Come, Thou Fount Of Every Blessing

Come, Thou Fount of every blessing,
Tune my heart to sing Thy grace;
Streams of mercy, never ceasing,
Call for songs of loudest praise.
Teach me some melodious sonnet,
Sung by flaming tongues above.
Praise the mount, I’m fixed upon it,
Mount of Thy redeeming love.

Sorrowing I shall be in spirit,
Till released from flesh and sin,
Yet from what I do inherit,
Here Thy praises I’ll begin;
Here I raise my Ebenezer;
Here by Thy great help I’ve come;
And I hope, by Thy good pleasure,
Safely to arrive at home.

Jesus sought me when a stranger,
Wandering from the fold of God;
He, to rescue me from danger,
Interposed His precious blood;
How His kindness yet pursues me
Mortal tongue can never tell,
Clothed in flesh, till death shall loose me
I cannot proclaim it well.

O to grace how great a debtor
Daily I’m constrained to be!
Let Thy goodness, like a fetter,
Bind my wandering heart to Thee.
Prone to wander, Lord, I feel it,
Prone to leave the God I love;
Here’s my heart, O take and seal it,
Seal it for Thy courts above.

O that day when freed from sinning,
I shall see Thy lovely face;
Clothèd then in blood washed linen
How I’ll sing Thy sovereign grace;
Come, my Lord, no longer tarry,
Take my ransomed soul away;
Send thine angels now to carry
Me to realms of endless day.

– Robert Robinson, 1757

Some traditional old hymns speak so much more than modern melodies do.
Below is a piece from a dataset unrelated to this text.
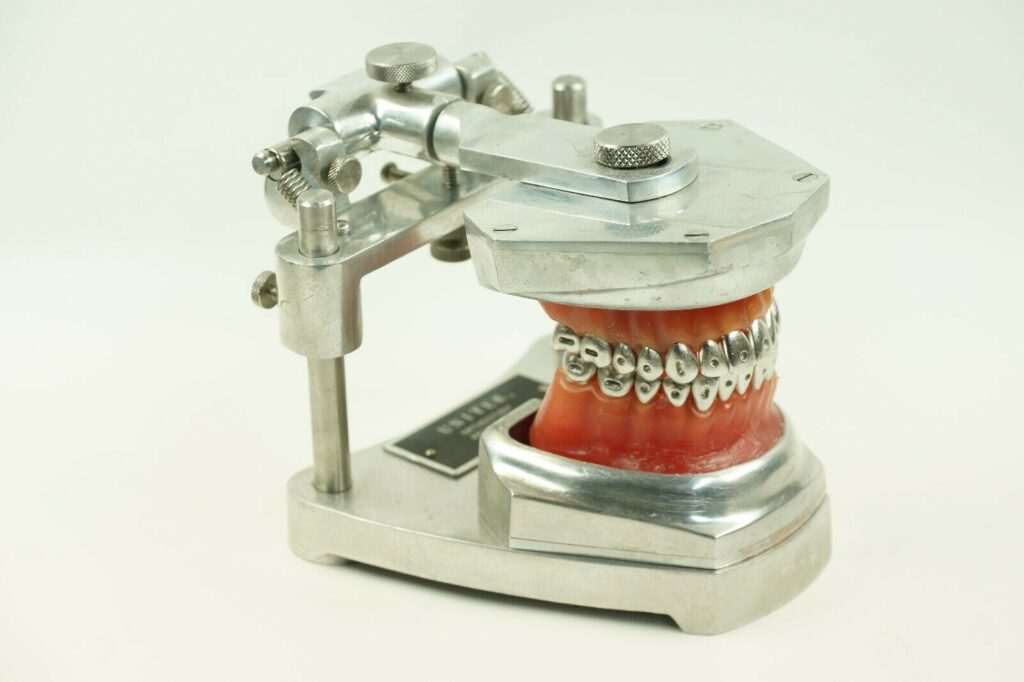 UNITEK Orthostudy Articulator 610-100 mit Wachsform und Zähnen aus Metall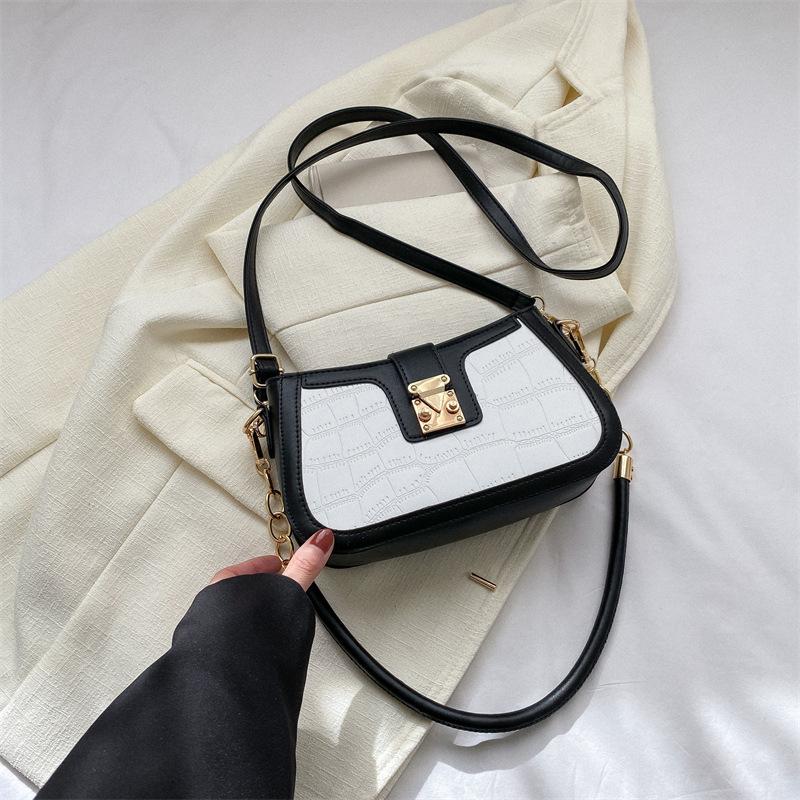 Premium Texture Niche Bag Women's Bag Spring 2025 New Popular Messenger Bag Single Shoulder Underarm Small Square Bag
This is one of them. What I love is his honest portrayal of the ‘prone to wander’ and ‘prone to leave’ life that we live in (Romans 7:14-22); and this coming from a pastor, which these days are portrayed as high and mighty celebrities, incapable of failings. And the balance (or scale tipping rather) hope of God’s ‘sovereign grace’ in final salvation.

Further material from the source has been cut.